I think if we knew everything that would happen to us before it happened we probably would have a nervous breakdown. Especially when we knew about our death or the death of our loved ones. And like someone already said, if our death was a violent one. Do we really want to know that??? You seem like you have a positive outlook, so your book ends well in your eyes. For those who see things more negatively, the book doesn't end well. I suppose I'm in the middle. I might want to know but I would want the option to rewrite it if I could. Without that option I choose no.


----------



## this is my username (Apr 15, 2011)

Hell no! That is just asking for trouble.


----------



## AST (Oct 1, 2013)

Pretty much what Cassieopeia said. In theory though, if certain aspects of the future were locked, regardless of what I could do, I'd want to know. It would give me time to prepare myself for that occurence. I hate surprises.

This is an Si dom.


----------



## knightingling (Oct 15, 2013)

Why not? I say 'yes', while holding on to the belief that the future can be changed even when it is already set before all actions are made. If I can take a glimpse of my future, I would believe that it is not my _real_ future but a part of the present that I must experience to make the actual, real future that I would experience one day, which may or may not be identical to the future I had just taken a glimpse of. This situation is full of paradoxes, but that is how I think it would go.

Even if I 'see' and know _everything_ about 'my future' according to the 'vision' (I'm going to call it vision for the wholeness of this post), there is no guarantee that I will be sticking to that vision for my whole life. I only see that vision as only one of the many possibilities for my future. For example (note: I'm currently 16 y/o), if in the vision, I saw myself as a teenage mother or a drug addict, or if we use a more positive example, an accomplished scientist (whoa), then that was my future _as of the exact moment that I was seeing my future_. It does not mean that after that vision, my future will still be the same.

I also find it as an advantage, since like I said before, I believe that the preordained future can be changed. There is also what we call complacency. If in the vision, I saw myself as a very accomplished, rich person, then I might become complacent and rely to that vision in the wholeness of my life. And then, in the end, when I came to experiencing that vision for real, I turned out to be a poor, jobless woman.
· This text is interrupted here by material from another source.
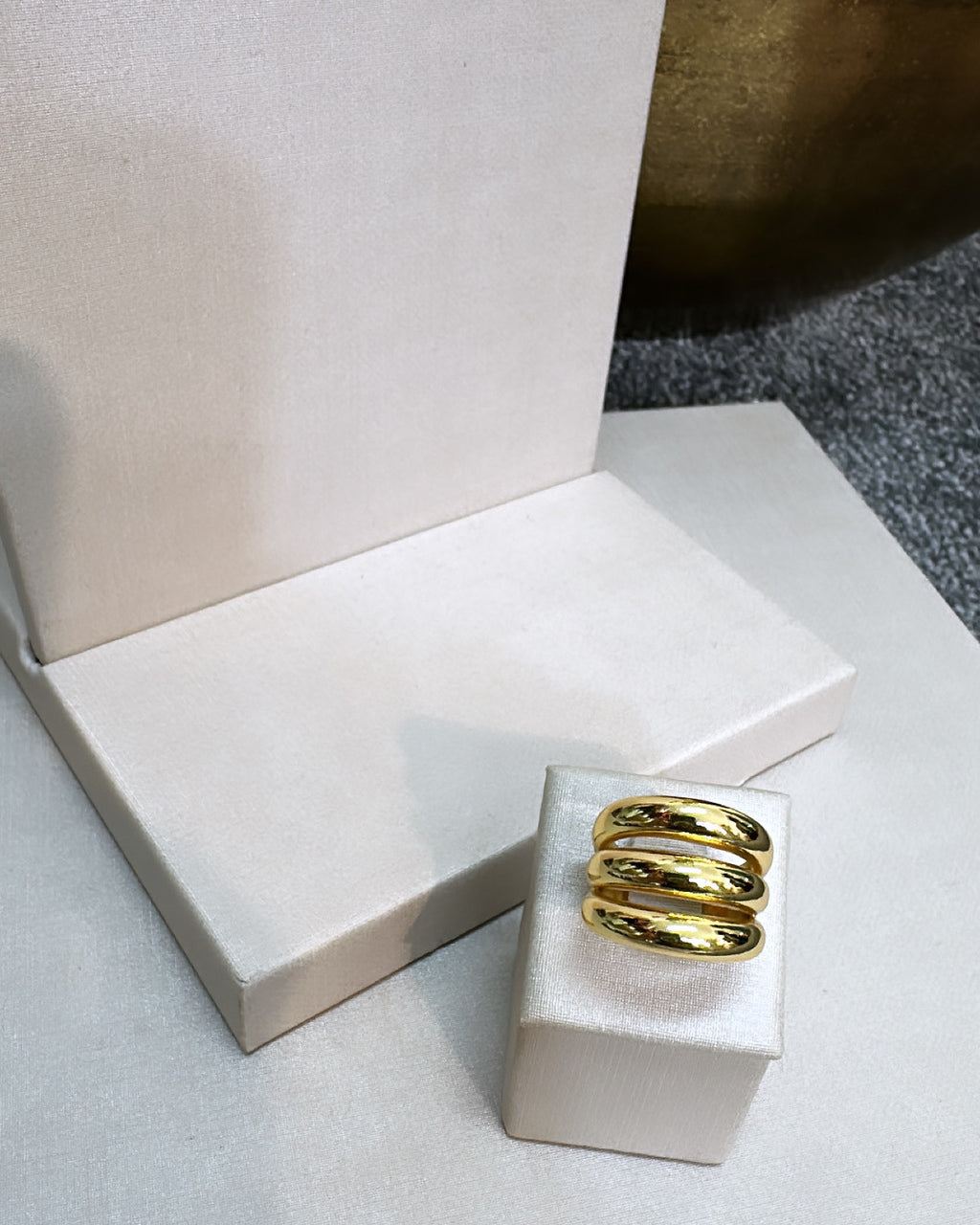Anel Meggie dourado com três faixas curvas e acabamento brilhante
Even if I see my future now, I would only treat it as a possibility and not as my real future. My real future would depend on the actions that I would take after seeing that vision.

I am a dominant Ni user.


----------



## Bluefireluv (Jun 17, 2013)

Truthfully? I don't know!
But if someone came up to me and offered the chance, and it's a chance I'll never receive again, I'll probably say yes. 

Because I don't believe that we have a fixed destiny. Maybe we have our own purpose in life, maybe there's something we were born to do, a type of path we're meant to follow (like become someone who helps the needy a lot, idk). But there are no details, it's a _type_ of path, but within that type there's so many options to choose from. There is no way we don't have control over what happens to us in the future. There are some circumstances out of our control, yes, but we can always change the way we react to it, etc etc. 

And so, I'll probably agree. For the reason stated above, and because my curiousity will get the better of me xD I _need _to just see what might happen to me, just so I know and can be ready for it. If it's bad I'll probably try to change it, and if (I doubt so, but if) I'm unable to prevent that from happening, then at least I'll be prepared. I'll be ready to try and see the metaphorical light


----------



## Nightchill (Oct 19, 2013)

Definitely yes, because I could navigate my life better and prevent some bad things from happening.


----------



## RochiDidItAgain (Aug 20, 2013)

I live for the mysterious. So no.


----------



## SuperDevastation (Jun 7, 2010)

No point, nuff said.


----------



## elixare (Aug 26, 2010)

Sure why not. And I reserve the right to deviate from this "future" as I see fit.


----------



## joe2j (Jun 7, 2012)

Yes I would, I often worry about the future and would like the peace of mind of knowing that everything will be fine, if that turned out not to be the case then it would give me the motivation to try and change my future.


----------



## Thief Noctis (Jan 6, 2012)

I still don't get this whole 'dominant function' thing and have no idea which I am, but even so I'd still look into the future. If it's gonna happen anyway I might as well know about it then I'll know whether to bother carrying on or not. After all, we only keep living for the future. If we know nothing good is going to happen (or at least not long-term), why would you want to go through it?


----------



## Father of Dragons (May 7, 2012)

Hell no. I would feel like I'm just going through the motions. Besides, it brings into questions of free will. If I know how my future is going to play out, there wouldn't really be any choice in the matter. 

If the future could still be changed from the glimpse I saw then I might try it. But then, regardless of how great it was I would be compelled to change it. I can't stand making plans for the next week, I would probably lose it if there was a plan for my entire future. O__O


----------



## Husgark (Nov 14, 2012)

I wouldn't want to. However, that kind of information would be uncertain, even if it was accurate. Because a glimpse like that would also contain the fact that I took a glimpse into the future, and that might compel me to do things differently than if I didn't have information about the future. So seeing the future would itself affect the future.

For example, if I saw that I was going to die in a car accident tomorrow, I would act on that information to not get involved in the car accident. Thus I would not get the warning and end up in the accident. But that in turn would show up in my glimpse into the future and I wouldn't get involved in the accident etc. The whole dilemma would just turn into an infinite regress with no certain answer, so even if I saw the future, I wouldn't know whether what I saw was correct or not.


----------



## Hanaseru (May 29, 2013)

I'd love to know.

I want the piece of mind.


----------



## username123 (May 21, 2013)

Gah, I wanted to vote but couldn't decide! I could choose no out of fear that it'd be too depressing, or I could choose yes because I might not be able to control my curiosity...hmm...


----------